Nous vous prions et vous conjurons de ne pas souffrir
que l'on puisse trouver le moins du monde à redire, en une matière si grave, à
votre vigilance, à votre zèle, à votre fermeté. Et ce que Nous vous demandons
et que Nous attendons de vous, Nous le demandons aussi et l'attendons de tous
les autres pasteurs d'âmes, et de tous les éducateurs et professeurs de la
jeunesse cléricale, et tout spécialement des supérieurs majeurs des Instituts
religieux.
63. Premièrement, en ce qui regarde les études, Nous
voulons et ordonnons que la philosophie scolastique soit mise à la base des
sciences sacrées. Il va sans dire que s'il se rencontre quelque chose chez les
docteurs scolastiques que l'on puisse regarder comme excès de subtilité, ou qui
ne cadre pas avec les découvertes des temps postérieurs, ou qui n'ait enfin
aucune espèce de probabilité, il est bien loin de notre esprit de vouloir le
proposer à l'imitation des générations présentes. Et quand Nous prescrivons la
philosophie scolastique, ce que Nous entendons surtout par là - ceci est
capital - c'est la philosophie que nous a léguée le Docteur angélique.
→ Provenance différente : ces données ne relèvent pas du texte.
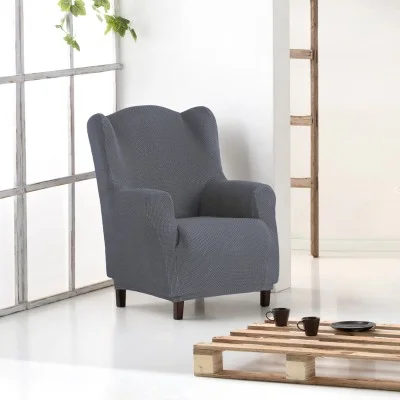 Funda bielástica para sillón orejero modelo Cora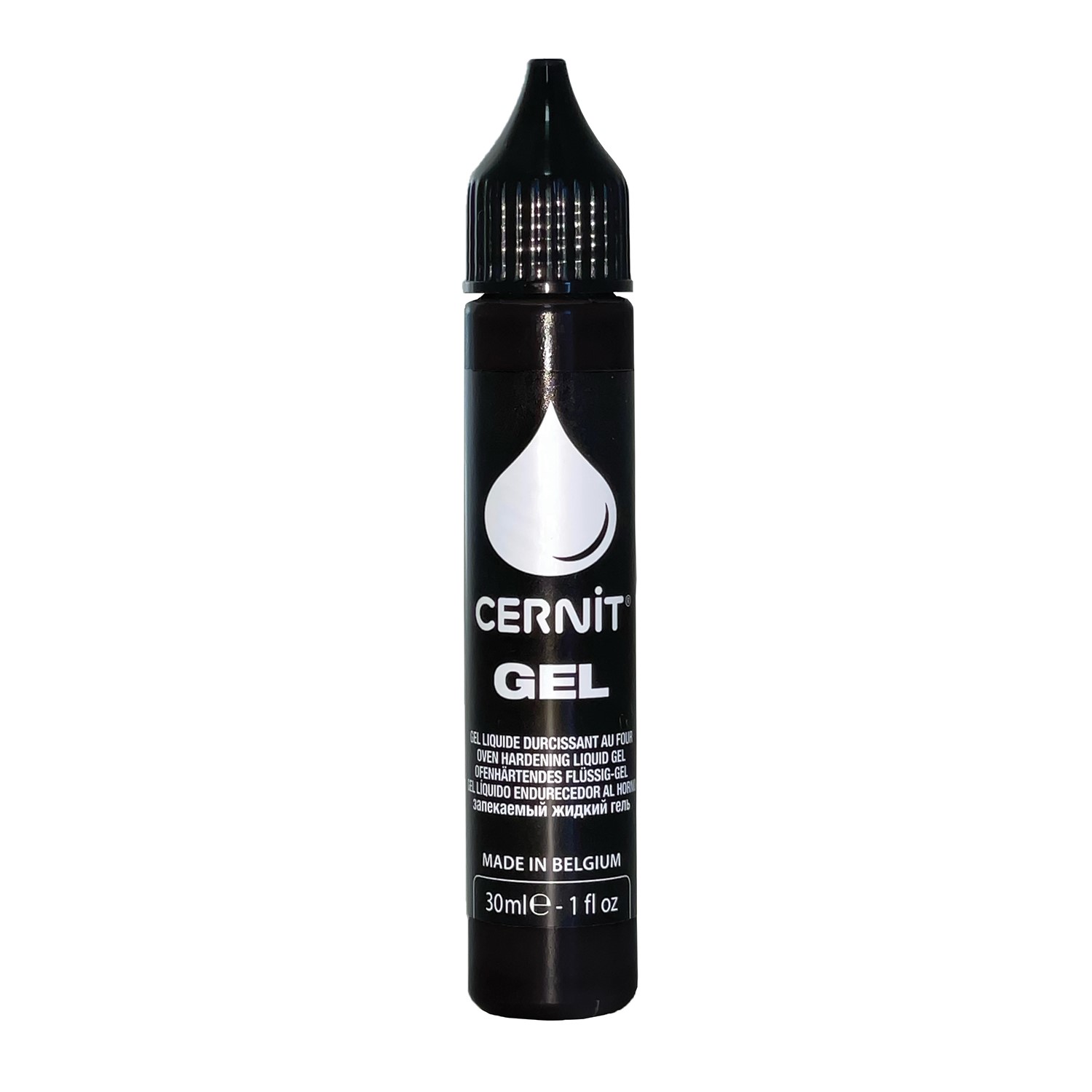 Hilfsmittel Cernit - Schwarz Gel 30ml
Nous
déclarons que tout ce qui a été édicté à ce sujet par Notre Prédécesseur reste
pleinement en vigueur, et, en tant que de besoin, Nous l'édictons à nouveau et
le confirmons, et ordonnons qu'il soit par tous rigoureusement observé. Que,
dans les Séminaires où on aurait pu le mettre en oubli, les évêques en imposent
et en exigent l'observance : prescriptions qui s'adressent aussi aux Supérieurs
des Instituts religieux. Et que les professeurs sachent bien que s'écarter de
saint Thomas, surtout dans les questions métaphysiques, ne va pas sans
détriment grave.
64. Sur cette base philosophique, que l'on élève
solidement l'édifice théologique. Autant que vous le pourrez, Vénérables
Frères, stimulez à l'étude de la théologie, de façon que les clercs en
emportent, au sortir du Séminaire, une estime profonde et un ardent amour, et
que, toute leur vie, ils en fassent leurs délices. Car nul n'ignore que, parmi
cette grande multitude de sciences, et si diverses, qui s'offrent à l'esprit
avide de vérité, la première place revient de droit à la théologie, tellement
que c'était une maxime de l'antique sagesse que le devoir des autres sciences,
comme des arts, est de lui être assujetties et soumises à la manière des
servantes. Ajoutons que ceux-là, entre autres, Nous paraissent dignes de
louanges qui, pleinement respectueux de la tradition, des saints Pères, du
magistère ecclésiastique, mesurés dans leurs jugements, et se guidant sur les
normes catholiques (ce qui ne se voit pas chez tous), ont pris à tâche de faire
plus de lumière dans la théologie positive, en y projetant celle de l'histoire
- de la vraie. Evidemment, il faut donner plus d'importance que par le passé à
la théologie positive, mais sans le moindre détriment pour la théologie
scolastique; et ceux-là sont à réprimander, comme faisant les affaires des
modernistes, qui exaltent de telle façon la théologie positive, qu'ils ont tout
l'air de dénigrer en même temps la scolastique.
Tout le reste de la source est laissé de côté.